# XGBoost Algorithm Predicts Returns (Part 1)

Use algorithm to learn the investment factors and predict returns.

## Highlights

• Difficulty：★★★☆☆
• Setting Virtual Environment
• XGBoost Introduction and Installation

## Preface

Recently, a lot of algorithms have emerged, and various mathematical models have been developed to solve problems. The classic model is “regression”. With the advancement of technology, algorithms now been developed which can improve and learn by themselves (Machine Learning). Nowaday has developed into the most popular type of neural network model (Deep Learning).

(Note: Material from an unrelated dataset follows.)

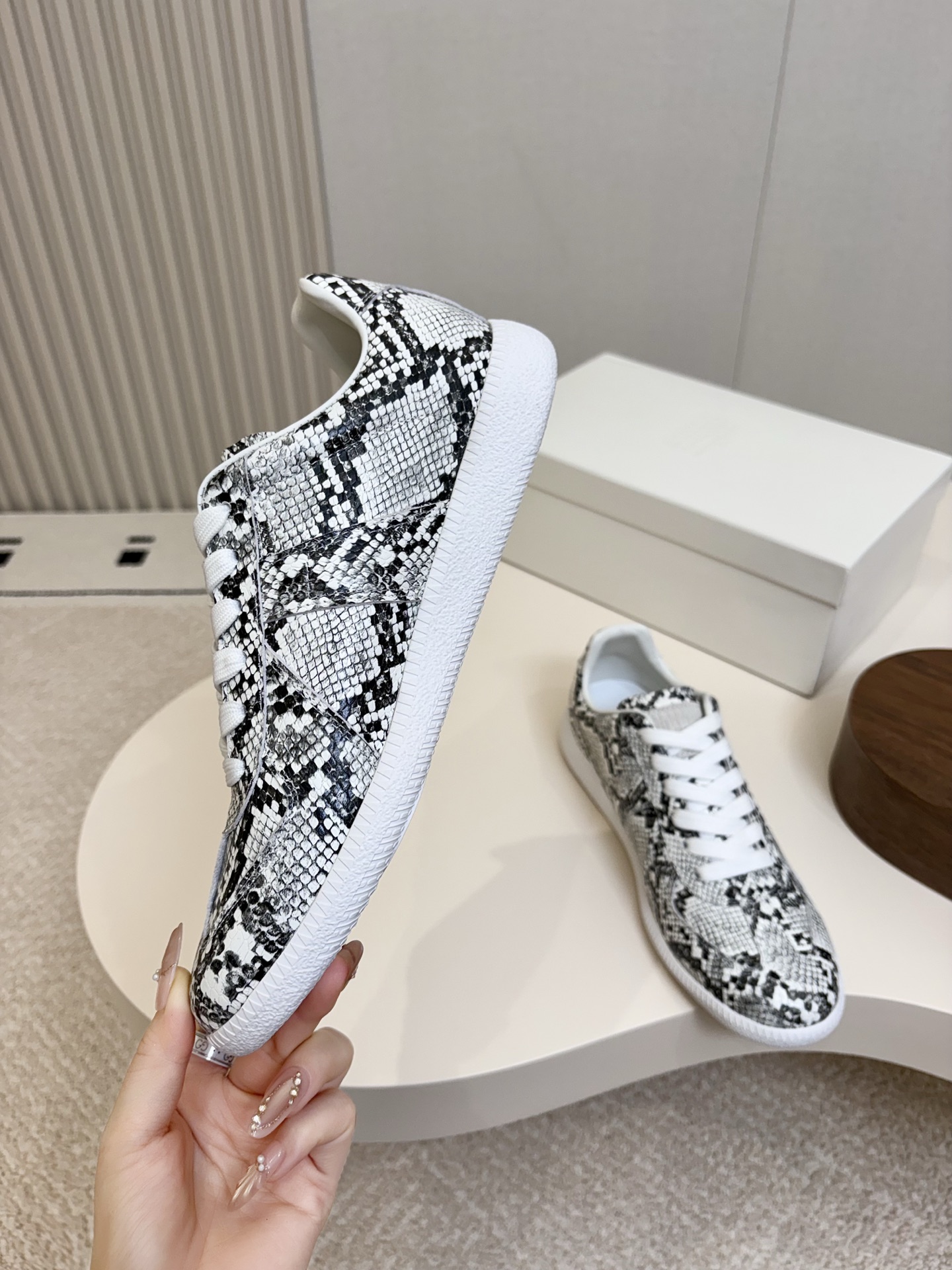 Designer Sneakers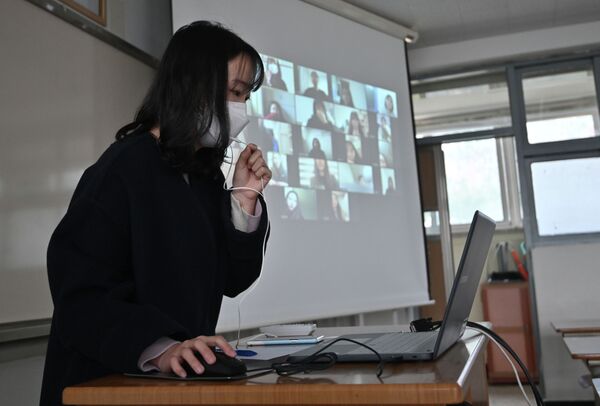 Мир не будет прежним? Как пандемия повлияла на жизнь людей Мир не будет прежним? Как пандемия повлияла на жизнь людей - Sputnik Кыргызстан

This article introduces the tree model XGBoost and will be divided into two parts. The first part will teach how to set environment and module installation. The second part is the preprocessing of the data, training, and prediction and visualization.

## XGBoost Introduction

First, let’s introduce the popular algorithm XGBoost. The so-called Boosting is a kind of aggregating many weak learnings into a more powerful learner, which has higher accuracy for the final prediction result.

XGBoost (Extreme Gradient Boosting) is a gradient descent algorithm, Gradient Boosted Tree (GBDT), Each step of learning is based on previous errors, and will retain the original model, and add new functions as a correction the last error, this is a collection of multiple weak learners. The application mainly solves supervised learning, which can deal with classification and regression problems as well.

## The Editing Environment and Modules Required

Mac OS and Jupyter Notebook

## Virtual Environment

Due to XGBoost uses many modules, if the versions are inconsistent, it will cause endless errors. Therefore, we can create a new environment to install these modules. There are many ways to install them. This tutorial is a relatively simple and easy-to-understand way to minimize errors.

#### Step 1. Install Anaconda

Anaconda can be said to be a lazy package for beginners. It solves the current situation that the inconsistency of various systems causes installation difficulties. It has organized more than 1000 packages that can be installed, which are suitable for Windows, Linux and MacOS. Operating system environment, also has a virtual environment manager, which is simple and fast for installing and executing machine learning environment.

#### Step 2. Click terminal

Windows system is Anaconda Prompt

Enter the following command

`conda create -n new_env_name python==3.8`

It will pop up and ask if you want to install it. Enter `y` and `enter` ！ The name of our new environment is `test`. Of course you can also type any name you like.

`conda env list`

This command will show all of the environment we have created.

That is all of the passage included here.